# [PROBLEM TO WORK ON]
What you submit must be an exact copy of the listing below, with no images in it.

# [SUPPLIED DATA]
>>

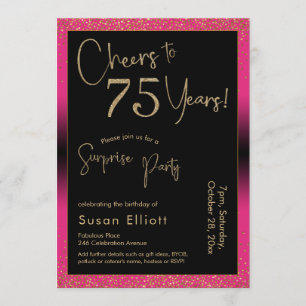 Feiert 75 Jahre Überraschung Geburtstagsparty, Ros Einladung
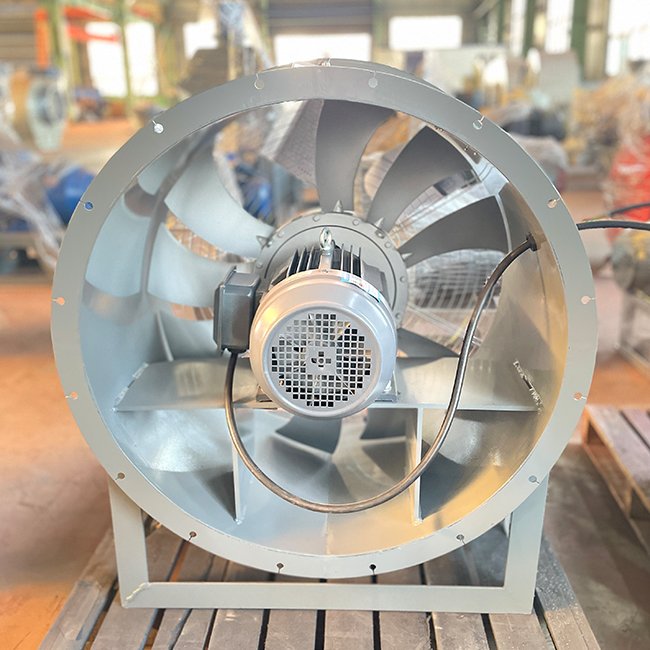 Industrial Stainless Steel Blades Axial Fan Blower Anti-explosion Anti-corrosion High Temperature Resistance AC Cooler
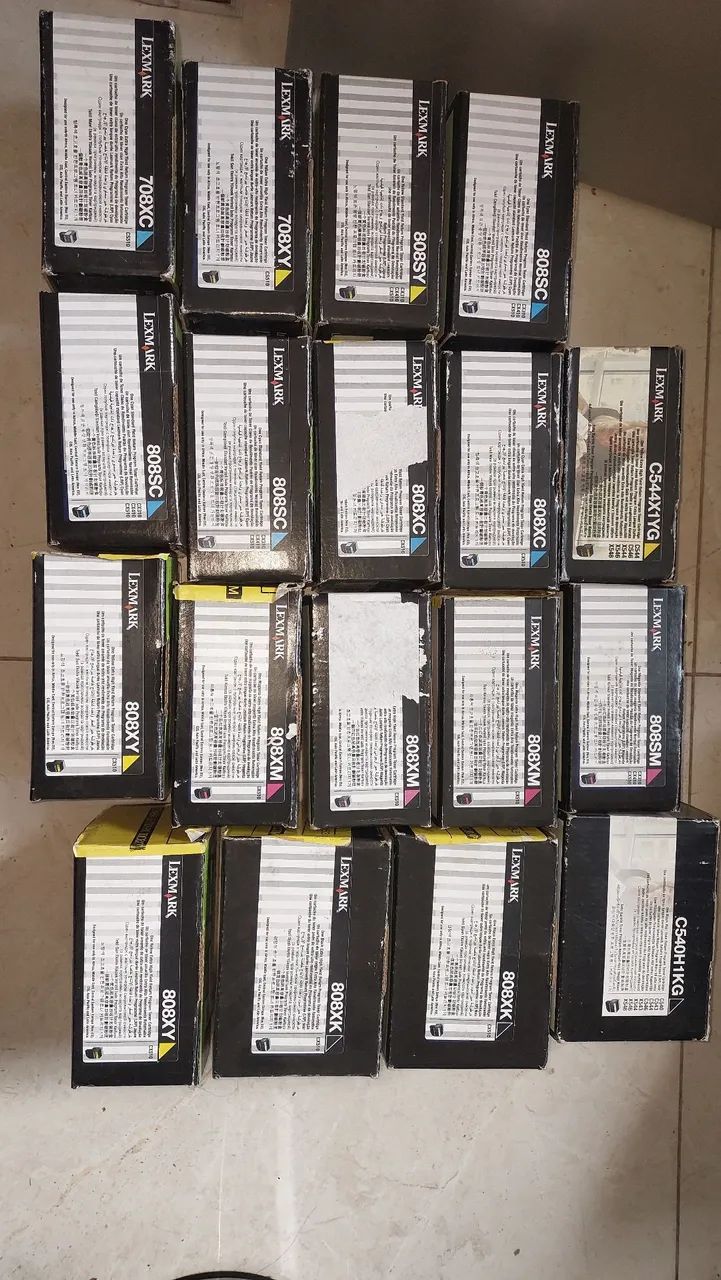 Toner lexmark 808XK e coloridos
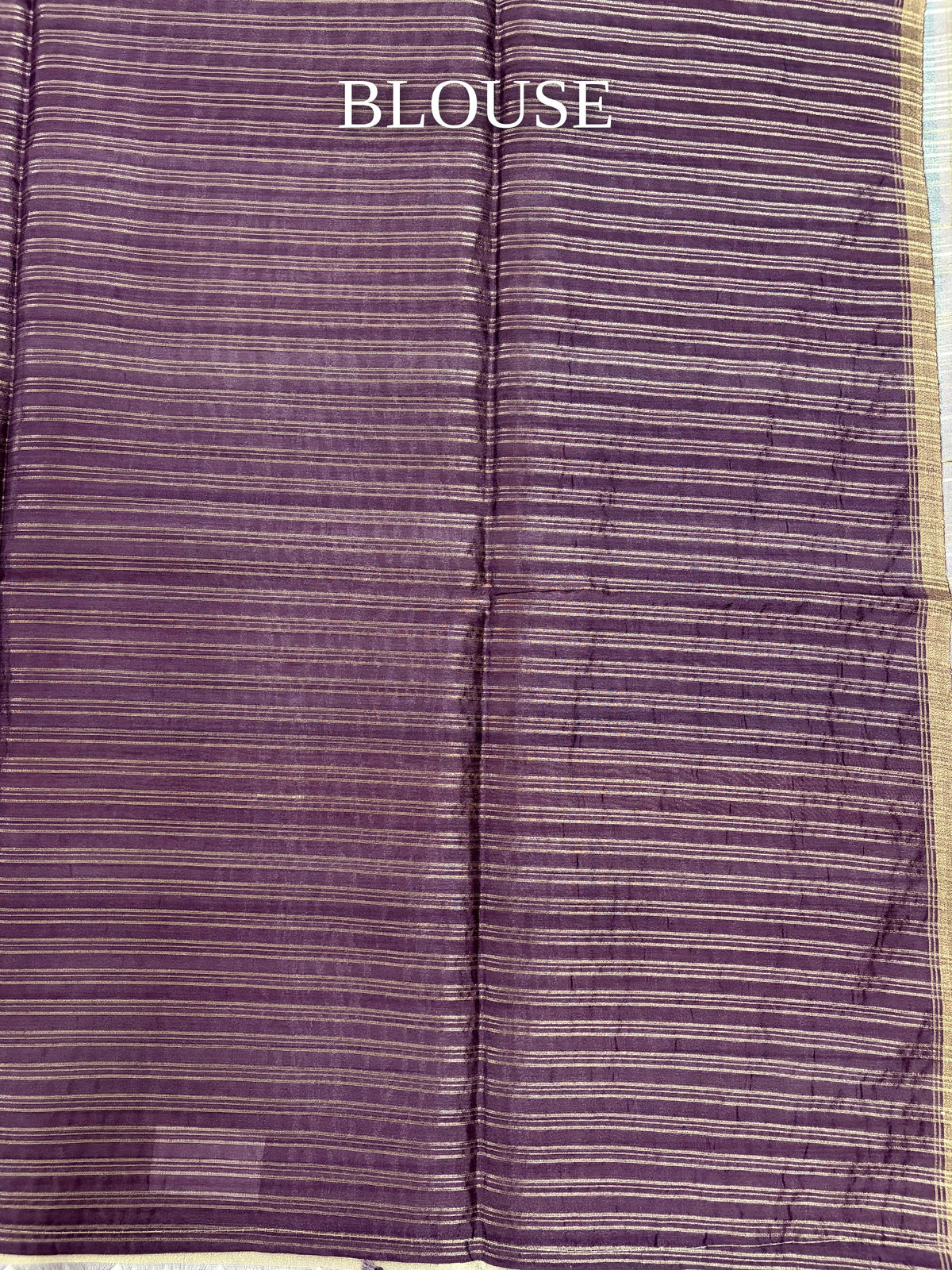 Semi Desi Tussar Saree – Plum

<<

# [ANSWER BOX]
 Feiert 75 Jahre Überraschung Geburtstagsparty, Ros Einladung
 Industrial Stainless Steel Blades Axial Fan Blower Anti-explosion Anti-corrosion High Temperature Resistance AC Cooler
 Toner lexmark 808XK e coloridos
 Semi Desi Tussar Saree – Plum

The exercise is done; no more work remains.